The two industrial powerhouses of Asia and Europe are being nudged into an informal alliance to pick up the leadership baton that the U.S. is accused of having dropped since President Donald Trump’s inauguration earlier this year, according to diplomats and officials from several Group of 20 members.
The situation has crystallized ahead of this year’s annual G-20 meeting, which will be held in Germany’s busiest commercial port. That’s in part because, for the first time since the group’s founding, the U.S. will be represented by a president who embraces protectionism, abandoning decades of American cheerleading for free trade.
A ‘historic best’
As the previous and current hosts, China’s President Xi Jinping and Germany’s Chancellor Angela Merkel, would in any case have worked together on the G-20 agenda. Yet three visits to Germany by Chinese Premier Li Keqiang to date, the latest just last month, suggest the two nations are aligned on stepping more broadly into a space that the U.S. has, at least temporarily, left vacant under Trump’s presidency.

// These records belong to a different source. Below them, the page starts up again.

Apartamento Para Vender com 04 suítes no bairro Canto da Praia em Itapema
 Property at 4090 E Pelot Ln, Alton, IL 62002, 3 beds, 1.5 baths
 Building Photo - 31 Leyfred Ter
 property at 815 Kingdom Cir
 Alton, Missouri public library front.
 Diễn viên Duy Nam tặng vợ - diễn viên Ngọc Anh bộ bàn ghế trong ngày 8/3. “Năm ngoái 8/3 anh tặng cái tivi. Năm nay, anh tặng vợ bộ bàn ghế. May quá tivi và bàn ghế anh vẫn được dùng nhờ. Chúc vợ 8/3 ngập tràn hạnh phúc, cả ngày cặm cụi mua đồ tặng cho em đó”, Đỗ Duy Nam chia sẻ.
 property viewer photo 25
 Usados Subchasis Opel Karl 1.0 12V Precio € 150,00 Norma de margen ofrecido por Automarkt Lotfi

“China and Germany’s new closeness is something that happened because of the Trump episode,” said Diego Ramiro Guelar, ambassador to Beijing for G-20 member Argentina. “The two most important leaders in the world are President Xi and Chancellor Merkel at the moment.”
Ties between China and Germany have been strengthening for years, driven by common economic interests and unobstructed by the kinds of geopolitical rivalries that were complicating relations between Beijing and Washington long before Trump’s election. Germany needs markets for its high-end industrial machinery and motor vehicles, and China wants them — so much so it bought German robotics company Kuka AG.
Xi will make his second state visit to Germany just before the summit.
“Relations between China and Germany are at their historic best,” said Michael Clauss, Germany’s ambassador to Beijing, in a recent briefing with reporters. “The economic and political dynamic from a German perspective is moving toward the east.”
Climate change stand
The U.S. has “left somewhat of a vacuum” in the region by abandoning the proposed 12-nation TransPacific Partnership freetrade agreement, Clauss said.
The deal sought to build a U.S.-centered free-trade bloc among Pacific Rim countries from Chile to Vietnam, as an alternative to more China-dominated initiatives such as One Belt One Road. Trump withdrew the U.S. from the TPP plans within a day of taking office.
The Trump vacuum is still more evident when it comes to climate change, after he announced last month that he was pulling the U.S. out of the 2015 Paris Agreement to slow global warming. The accord was signed by more than 190 countries, including all of the G-20 members.
“There’s a clear recognition of our leaders that German-Chinese leadership is now needed,” said Karsten Sach, Merkel’s main climate-change sherpa for the G-20, speaking at a conference in Berlin on Friday. “Both nations are very strong exporters, and in terms of the technology aspects of fighting climate change, I see very strong cooperation.”